[Short text fragments from websites]
--
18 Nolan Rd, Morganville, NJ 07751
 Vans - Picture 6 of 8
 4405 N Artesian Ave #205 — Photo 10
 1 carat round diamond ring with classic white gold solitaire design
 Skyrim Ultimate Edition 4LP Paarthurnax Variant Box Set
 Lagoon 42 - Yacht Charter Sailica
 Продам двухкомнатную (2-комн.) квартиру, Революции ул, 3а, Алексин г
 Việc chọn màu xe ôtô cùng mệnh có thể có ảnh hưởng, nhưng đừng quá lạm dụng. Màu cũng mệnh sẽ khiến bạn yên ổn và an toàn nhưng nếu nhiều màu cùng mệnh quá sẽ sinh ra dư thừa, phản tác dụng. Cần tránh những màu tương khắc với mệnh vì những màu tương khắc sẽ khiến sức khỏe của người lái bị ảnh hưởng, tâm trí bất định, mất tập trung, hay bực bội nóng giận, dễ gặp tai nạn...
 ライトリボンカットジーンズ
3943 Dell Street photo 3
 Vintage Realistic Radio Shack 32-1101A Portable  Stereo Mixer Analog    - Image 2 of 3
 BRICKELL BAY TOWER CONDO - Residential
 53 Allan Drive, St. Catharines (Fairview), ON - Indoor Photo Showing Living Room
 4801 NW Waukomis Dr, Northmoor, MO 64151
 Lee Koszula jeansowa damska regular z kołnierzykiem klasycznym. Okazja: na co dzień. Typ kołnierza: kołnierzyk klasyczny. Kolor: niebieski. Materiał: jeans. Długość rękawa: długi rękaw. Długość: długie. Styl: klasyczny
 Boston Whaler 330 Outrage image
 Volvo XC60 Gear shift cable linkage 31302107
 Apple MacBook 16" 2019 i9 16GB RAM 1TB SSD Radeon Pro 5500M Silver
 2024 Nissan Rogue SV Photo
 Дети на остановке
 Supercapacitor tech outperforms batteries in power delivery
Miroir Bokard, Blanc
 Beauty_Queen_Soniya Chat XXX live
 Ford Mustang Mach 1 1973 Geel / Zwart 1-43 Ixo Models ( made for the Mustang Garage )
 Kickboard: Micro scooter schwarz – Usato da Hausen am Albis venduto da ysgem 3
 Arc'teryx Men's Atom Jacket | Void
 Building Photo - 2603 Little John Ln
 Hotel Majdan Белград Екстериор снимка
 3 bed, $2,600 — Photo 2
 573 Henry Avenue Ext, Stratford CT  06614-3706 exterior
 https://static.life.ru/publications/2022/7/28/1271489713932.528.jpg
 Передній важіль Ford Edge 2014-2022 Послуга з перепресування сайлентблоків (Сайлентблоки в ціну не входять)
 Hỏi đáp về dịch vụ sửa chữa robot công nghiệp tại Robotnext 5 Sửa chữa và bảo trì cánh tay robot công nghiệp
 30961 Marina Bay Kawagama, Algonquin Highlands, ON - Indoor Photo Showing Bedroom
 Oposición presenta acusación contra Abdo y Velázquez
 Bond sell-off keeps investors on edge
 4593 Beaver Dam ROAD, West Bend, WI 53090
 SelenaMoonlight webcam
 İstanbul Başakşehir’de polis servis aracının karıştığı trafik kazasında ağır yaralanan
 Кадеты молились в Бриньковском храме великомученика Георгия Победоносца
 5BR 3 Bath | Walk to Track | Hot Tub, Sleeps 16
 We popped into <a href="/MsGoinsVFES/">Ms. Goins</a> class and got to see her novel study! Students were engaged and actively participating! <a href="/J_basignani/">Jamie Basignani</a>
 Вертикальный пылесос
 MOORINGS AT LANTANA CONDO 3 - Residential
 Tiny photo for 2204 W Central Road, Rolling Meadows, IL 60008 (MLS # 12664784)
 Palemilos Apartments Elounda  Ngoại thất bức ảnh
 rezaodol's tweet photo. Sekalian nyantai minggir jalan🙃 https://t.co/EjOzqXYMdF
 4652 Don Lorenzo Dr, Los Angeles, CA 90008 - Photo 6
--
• **Instructions to follow**
Reproduce, with both ends included, the lines from the one holding "Palemilos Apartments Elounda" to the end of the records above.

• **Answer to this problem**
 Palemilos Apartments Elounda  Ngoại thất bức ảnh
 rezaodol's tweet photo. Sekalian nyantai minggir jalan🙃 https://t.co/EjOzqXYMdF
 4652 Don Lorenzo Dr, Los Angeles, CA 90008 - Photo 6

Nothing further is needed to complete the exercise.